After the mystery is “solved,” more or less, our patients move on to a step-down unit or a medical or surgical floor. When they eventually go home, they don’t usually stay in touch, but a few do. One grateful patient took the time to write to us recently:
You first met me as a very sick patient on the verge of death. Tomorrow I will be transferred to the rehab centre. You kept me alive to make this possible. I am so grateful for your skills and care. My two grandchildren will now see much more of grandma. Bill and I will continue to grow old together and enjoy ourselves. Thank you from the bottom of my heart …
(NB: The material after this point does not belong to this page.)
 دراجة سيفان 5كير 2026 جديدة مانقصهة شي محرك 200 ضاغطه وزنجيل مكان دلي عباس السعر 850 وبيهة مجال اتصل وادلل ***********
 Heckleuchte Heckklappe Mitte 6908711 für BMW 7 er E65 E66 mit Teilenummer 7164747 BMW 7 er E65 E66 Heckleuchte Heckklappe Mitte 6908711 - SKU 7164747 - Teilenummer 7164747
It’s lovely to hear from them, but those aren’t the ones we get to know as we do the ones that end up with complications, whose paths are rocky and turbulent. They loom larger in our psyches. In other parts of the hospital there are faster turnarounds, even “miraculous” recoveries, but here, triumphs are hard-won and tenuous; progress more fragile, usually partial and imperfect. It’s more of a slogging away, a day at a time, two steps forward, one back, or one step forward and two back.
Down seven, up eight
.
And yes, over the years, I have seen many deaths. I once had an argument with an administrator who designed a poster to represent our
ICU
. She chose a photograph of a sunset and a tree, the light glinting through the leaves at sunset. It sends the wrong image, I insisted. People come here to fight. The pastoral beauty of nature is not what inspires them here; they want cutting-edge science and sophisticated technology. This is not a hospice or a place to die – at least not at first. We admit a patient to the
ICU
because we believe we can make them better – at least it starts off that way.
But not everything can be fixed and death can’t always be “cheated,” as we like to believe. Those of us who’ve worked here for any length of time have seen too much of the other side of things – or maybe that’s just what we remember best.
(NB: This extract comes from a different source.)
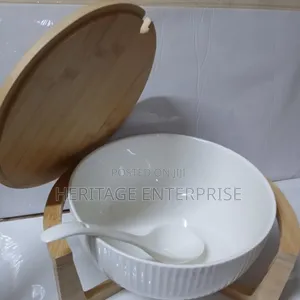 Ceramic Salad Bowl with Bamboo Lid and Stand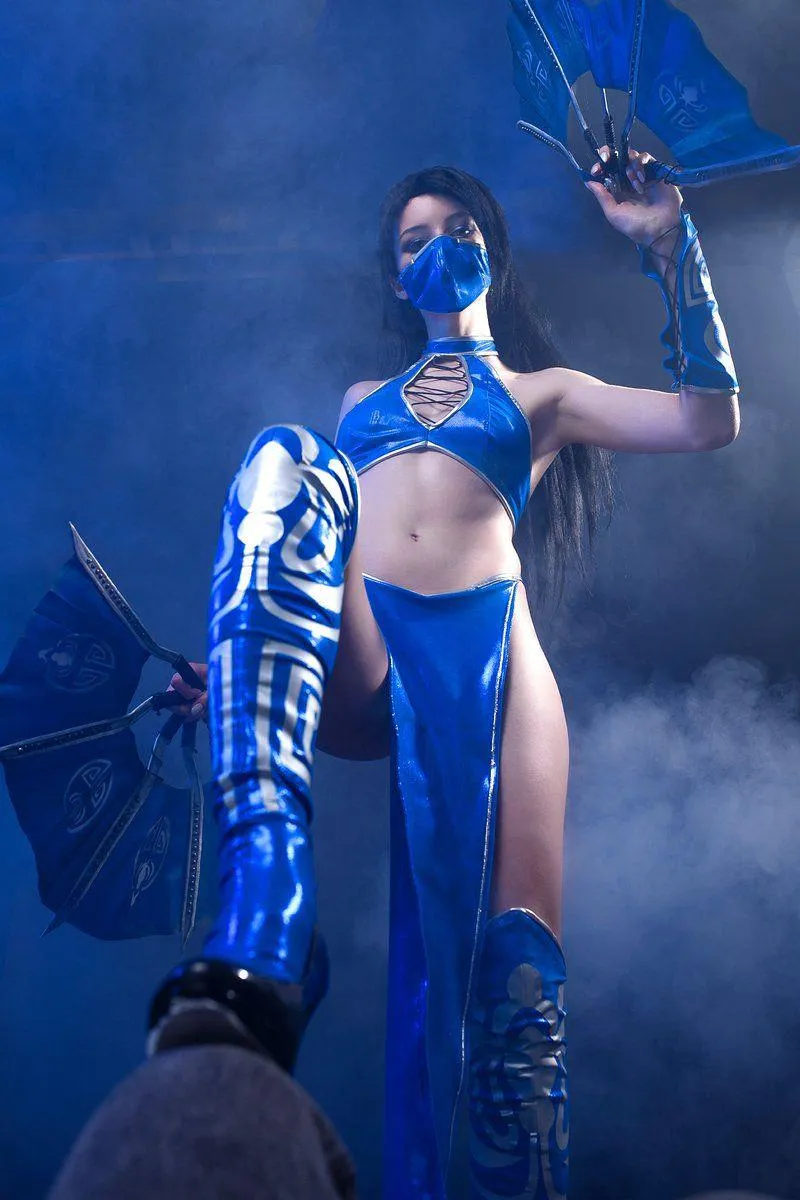 Thumbnail Kitana from Mortal Kombat by Axilirator | Axilirator_Cosplay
“Do the math,” said a friend, another old-timer who’s worked here twenty-five-plus years like me. “We’ve witnessed the equivalent of the death of an entire town.”
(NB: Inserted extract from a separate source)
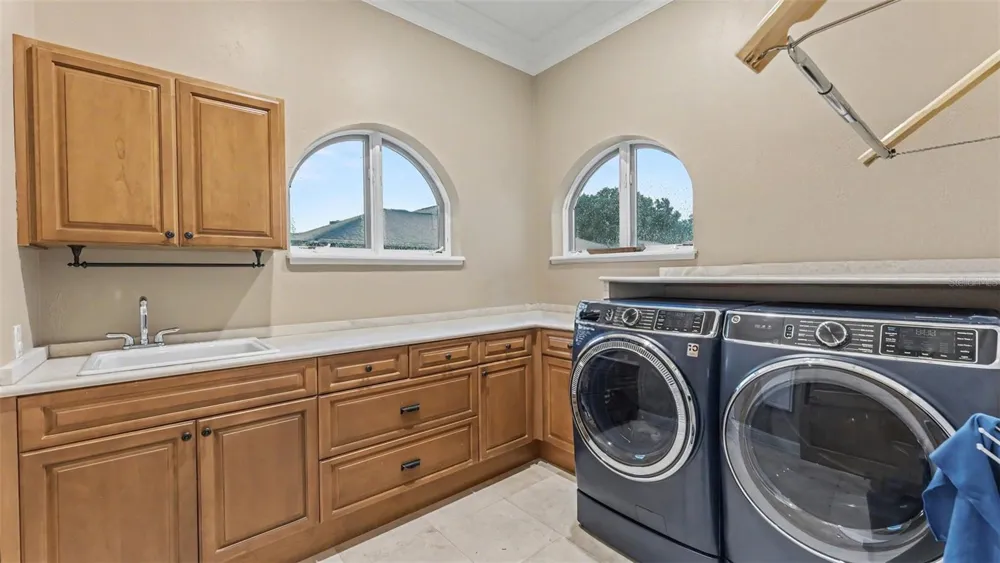 5119 LAKE IN THE WOODS BOULEVARD Lakeland, FL 33813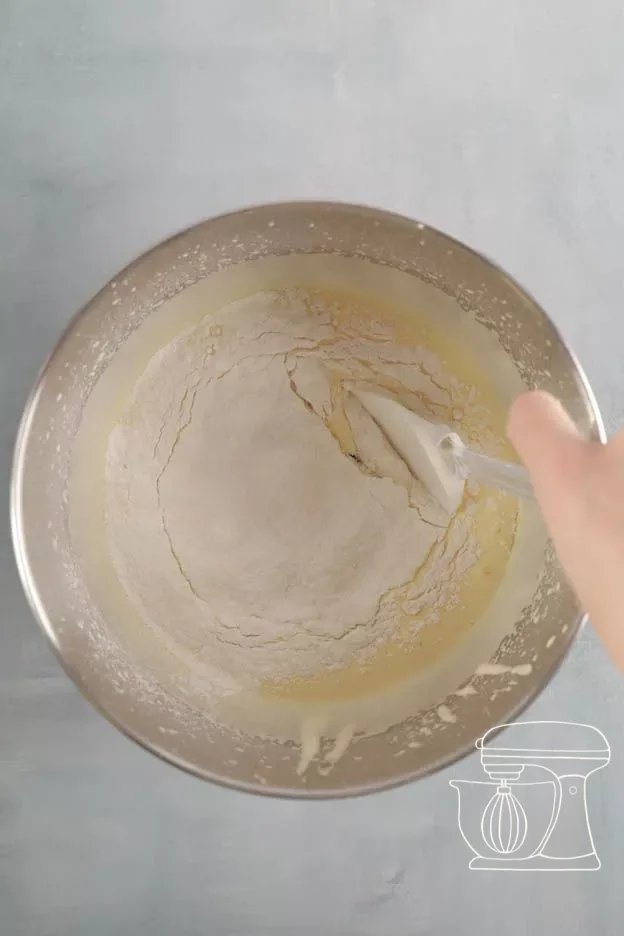 Incorporer la farine à la spatule à pâte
True, but it’s not the numbers that stay with you, it’s the stories. For most of us, it’s not the death, but the way many people die, spending their last days cared for by strangers, in this alien environment, tethered to machines, chrome, and plastic.
Most of our patients do get better – we do have many success stories, for example, organ transplants. Rarely an easy course, but when all goes well, it is thrilling to meet the recipients, walking and talking, weeks later. Through the selflessness of a family who has just received the worst news of their lives, or the generosity of a family member or friend, the gift of lungs, kidney, pancreas, heart, or liver can save lives. No one who does this work can fail to be in awe when that happens.
Tonight, the hustle and bustle at change of shift is at a fever-pitch. There are some
sick
people. I catch fragments of conversations as I pass by the rooms.
“… forty-two-year-old female, idiopathic pulmonary hypertension … satting only 71 per cent on 100 per cent oxygen … awaiting lung transplant … top of the organ list.”
“… twenty-eight-year-old male, found at a bar … overdosed on Ecstacy … unconscious, tachycardic … no urine output … kidneys shut down – not even bladder sweat … dialysis to be started shortly … can’t locate family.”